CHARLESTON, W.Va. -- State School Superintendent Jorea Marple slipped out of her high heels in the corner of the Charleston Civic Center stage and jumped a bit of rope with kids from Putnam County's Lakeview Elementary, minutes before she began her keynote address at the Department of Education's KidStrong wellness conference.
The children were there to demonstrate fancy jump-rope tricks. Marple was grabbing a little fun before she spoke.
A few minutes later, shoes back on, she shifted gears and challenged 800 attendees to find collaborative ways to tackle three heart-wrenching problems she said are "too big for schools to handle alone."
Teen pregnancy, obesity and child hunger keep many young West Virginians from learning effectively, "and we would be naïve to think that the schools can fix them in isolation," Marple said. "That's why we're committed to collaboration."
In each community, "teachers, health care workers, politicians, grandparents, aunts and uncles" must join forces to address each problem, she said. "It's a moral imperative."
Marple praised Sen. Rockefeller's recent Charleston forum on hunger. "Hungry children often can't sit still. They may put their head down on the desk. They may misbehave and often say they're sick." All that gets in the way of learning, she said.
More than 40,000 West Virginia children live in extreme poverty, she said. "That means they don't eat sometimes.
"This year, we carried out a pilot project to feed all our children without cost in eight counties," she said. The preliminary results in Mingo County are startling, she said. "Their suspensions and discipline problems are down dramatically. Not a single kid was expelled this year, and attendance is up.

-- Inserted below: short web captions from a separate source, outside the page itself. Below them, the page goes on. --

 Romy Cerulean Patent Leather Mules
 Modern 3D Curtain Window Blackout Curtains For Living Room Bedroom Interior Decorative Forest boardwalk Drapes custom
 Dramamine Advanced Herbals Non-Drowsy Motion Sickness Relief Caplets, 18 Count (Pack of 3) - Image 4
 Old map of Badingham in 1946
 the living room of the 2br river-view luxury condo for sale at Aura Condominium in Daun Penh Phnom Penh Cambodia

The teachers say the kids are focusing much better."
The state Department of Education and the Department of Health and Human Resources are collaborating on these issues, she said. They have pooled funds to hire wellness specialists for each region.

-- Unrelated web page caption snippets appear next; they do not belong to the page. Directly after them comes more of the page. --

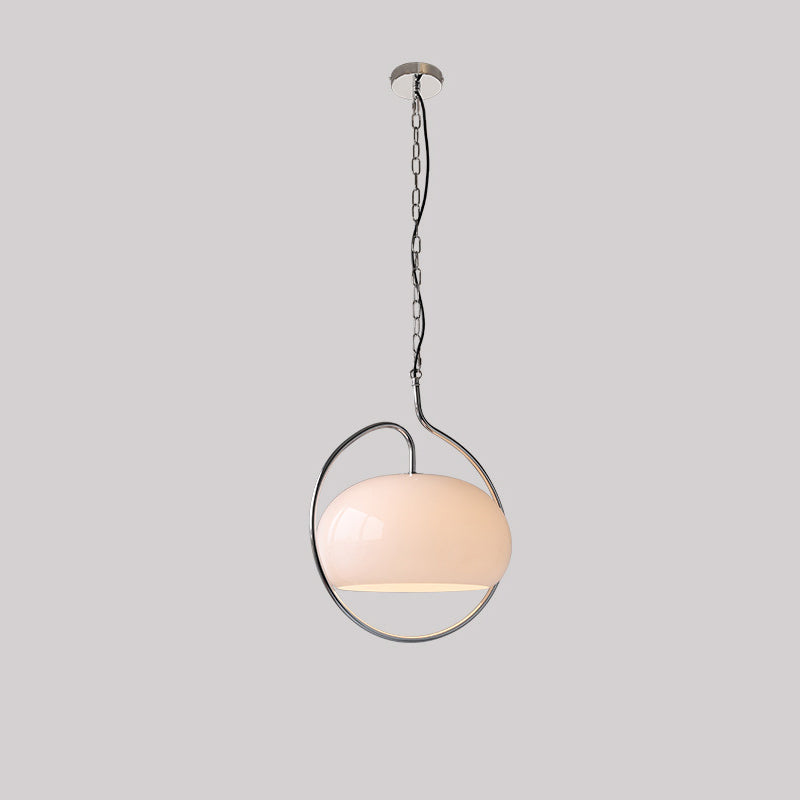 Contemporary Retro Oval Iron Glass 1-Light Pendant Light For Living Room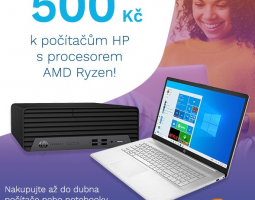 500 Kč Sodexo poukázka za nákup notebooků HP s procesorem AMD Ryzen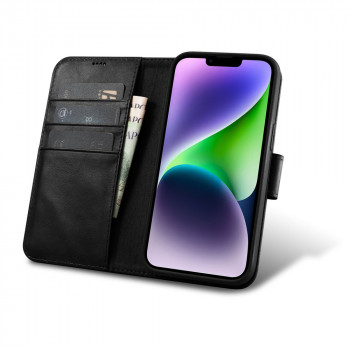 iCarer Oil Wax Wallet Case 2in1 Anti-RFID odinis dėklas-knygelė, skirtas iPhone 14 Plus, juodas (WMI14220723-BK)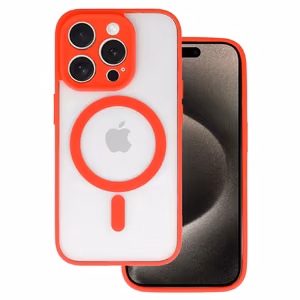 Akrilinis spalvotas magnetinis dėklas telefonui Iphone 15 raudonas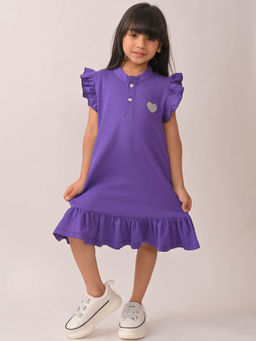 ANTHRILO - Purple Solid Comfortable Fit Dress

As part of their jobs, the specialists are charged to go into communities and bring people together to address these issues, she said: "the parents, teachers, health care workers, grandparents, politicians."
They started with teen pregnancy this year. West Virginia is the only state in which the teen birth rate increased between 2007 and 2009 "West Virginia increased 17 percent," she said. "Wrong direction!